Allowing emotion to drive investment decisions, chasing the latest ‘hot’ stock, losing sight of the big picture – these could all lead to an adverse investment experience.
The first step to investing is to understand your goals – and put in place a plan to help you achieve them. How much will you need to fund your retirement, for example? The over 55s aim to save almost £100,000 for their retirement. However, a recent survey for HSBC shows that, at current rates of saving, they will only manage to accumulate £31,900, missing their goal by £67,600 or 70%.
“Many people underestimate just how long they may live in retirement and how much money they will need”, said Darius McDermott, managing director of discount broker Chelsea Financial Services. “Look at it like this: a 20-year retirement is the equivalent of 500-plus two week holidays, how will people pay for that?”
1. BUYING HIGH, SELLING LOW
Most mistakes investors make are driven by a lack of knowledge or by emotion, such as greed or fear.
"Investors often jump into strong-performing funds or asset classes believing that out-performance will continue. Conversely, they sell investments that have fallen, believing they will lose money if they stay put" said Patrick Connolly, head of communications at AWD Chase de Vere, the independent financial adviser.
“The result is that too many people invest at the top of the market after strong performance has already been achieved and sell out at the bottom when losses have already been made, having a thoroughly miserable experience along the way. Any investment bandwagon will reach its peak just as the last investor comes on board. From there it’s likely to be a downhill journey.”

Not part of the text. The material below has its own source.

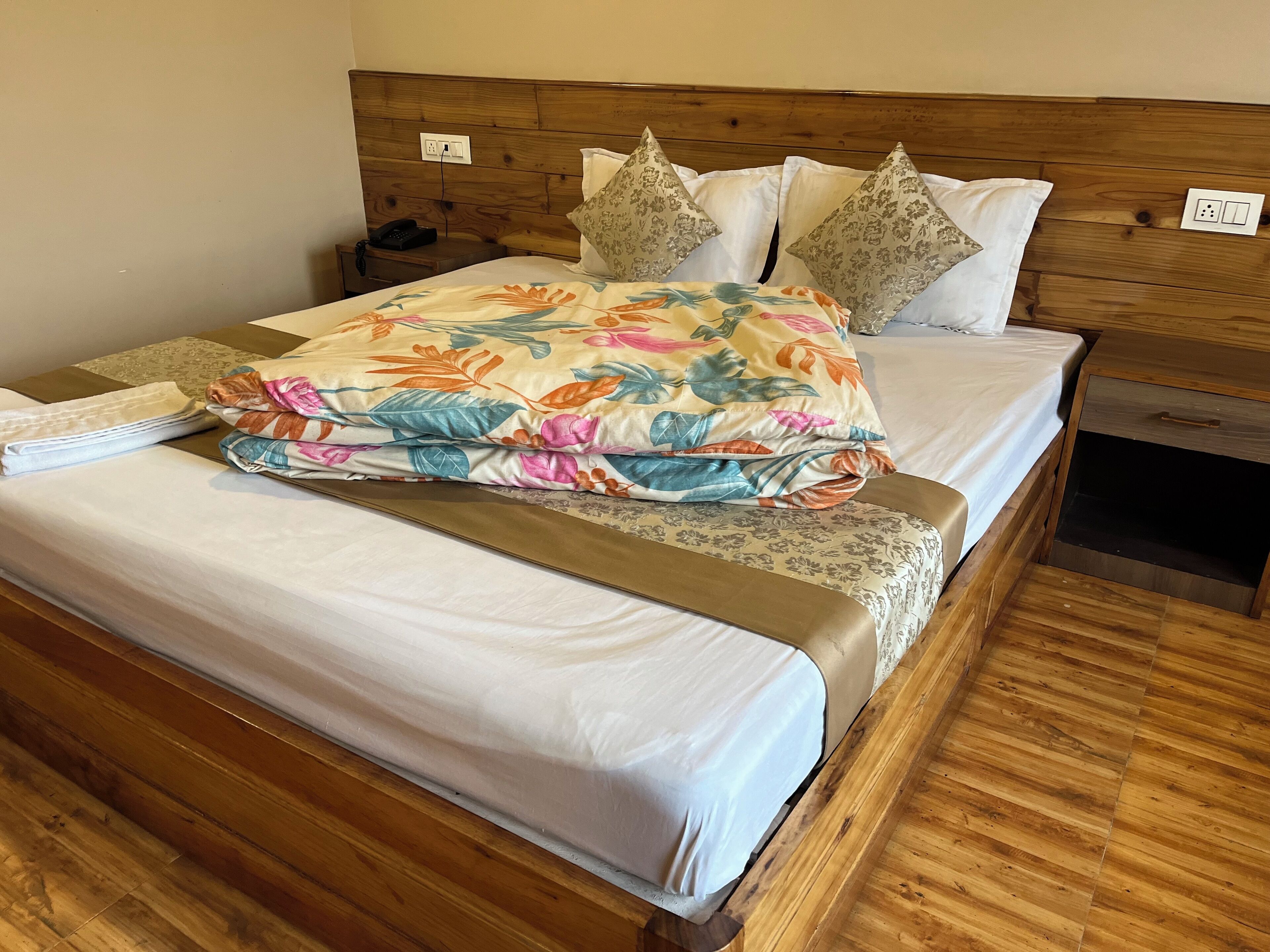 Uma cama bem arrumada com colcha florida e almofadas decorativas, uma cabeceira de madeira e uma mesa de cabeceira com um telefone e um abajur.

How many of us have been tempted to buy last year’s top performer? Do so at your peril.
“It’s very easy to get caught up in a trend, but when something is becoming fashionable in the investment world, it is often the wrong time to be investing,” said McDermott. “Make sure you do your research and invest in something you believe in rather than trying to make a quick buck.”

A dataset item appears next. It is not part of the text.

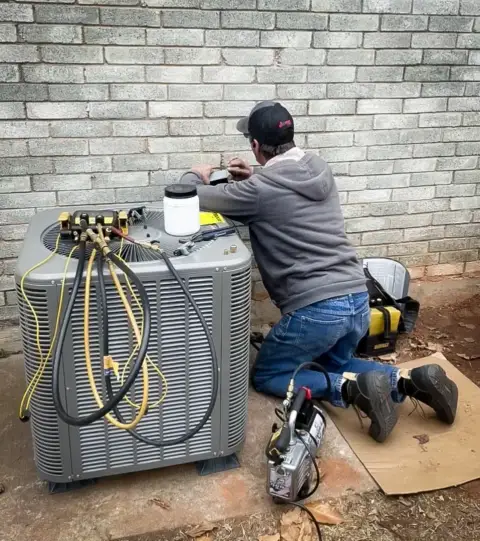 HVAC service being conducted on a customer's air conditioning unit in Yukon.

2. TRYING TO TIME THE MARKET
Research commissioned by Barclays Wealth reveals that investors’ habit of chasing performance is costing more than 1% a year in returns. The academic paper from Cass Business School, based on performance and sales data figures from 1992 to 2009, shows that market timing decisions by retail investors in mutual funds have reduced returns by an average of 20% over an 18-year period. During that timeframe a ‘buy and hold’ strategy would have turned an initial investment of £100 into £311, but poor market timing abilities of the average UK retail investor means the investment would only be worth £255.
Tony Lanser, a director at Barclays Wealth, said: “Retail investors have long been chasing returns by attempting to time the market. When making an investment decision, investors need to consider a fund’s long-term outlook rather than simply playing the market for short-term gains or capitalising on current trends.”
“In fact, as the industry adage goes it is time in the market that counts, not timing the market. It is nearly impossible to time the market correctly and by missing just a few of the best days, you can significantly impact your portfolio’s performance,” said McDermott.
3. LISTENING TO SHORT-TERM NOISE
The right approach for investors is to have a long-term asset allocation strategy and stick with it through good times and bad. That means not getting swayed by short-term noise, performance or market sentiment.
“Investors too often ignore sensible long-term asset allocation and focus too heavily on short-term investment performance,” said Connolly. “Even though they may invest with a sensible five - or even better ten-year time horizon, they expect their investment funds to perform from day one. If a fund is under-performing after six or 12 months then too many investors head for the exit.”
“At any given time, in a properly balanced portfolio, you should expect some funds to be performing well and others to be doing badly. This isn’t necessarily a sign that those doing badly should be sold. In fact, it could be more worrying if all investments were doing well as this suggests they may be highly correlated and so could potentially all fall together, which would have a devastating effect.”
Remember that you are investing for the long-term. Focus on your goals and stick to your plan.
4. HAVING ALL EGGS IN ONE BASKET
Diversification is the cornerstone of any well-balanced portfolio. Put all your eggs in one basket and you could get stung, as investors in tech stocks before the dotcom bubble burst or those who piled into bricks and mortar before the recent property crash can testify.
“At the other extreme, some investors hold so many different asset classes or funds that the impact of any individual part of their portfolio is diminished and they end up with a glorified (and costly) global tracker” said McDermott.
5. LOSING YOUR BALANCE
“When some investments perform well and others do badly, it is important to rebalance in order to ensure that your portfolio remains in the right shape to meet your objectives and attitude to risk,” said Connolly. “This is particularly relevant during volatile times as the risk profile of your portfolio could change significantly over a short period.”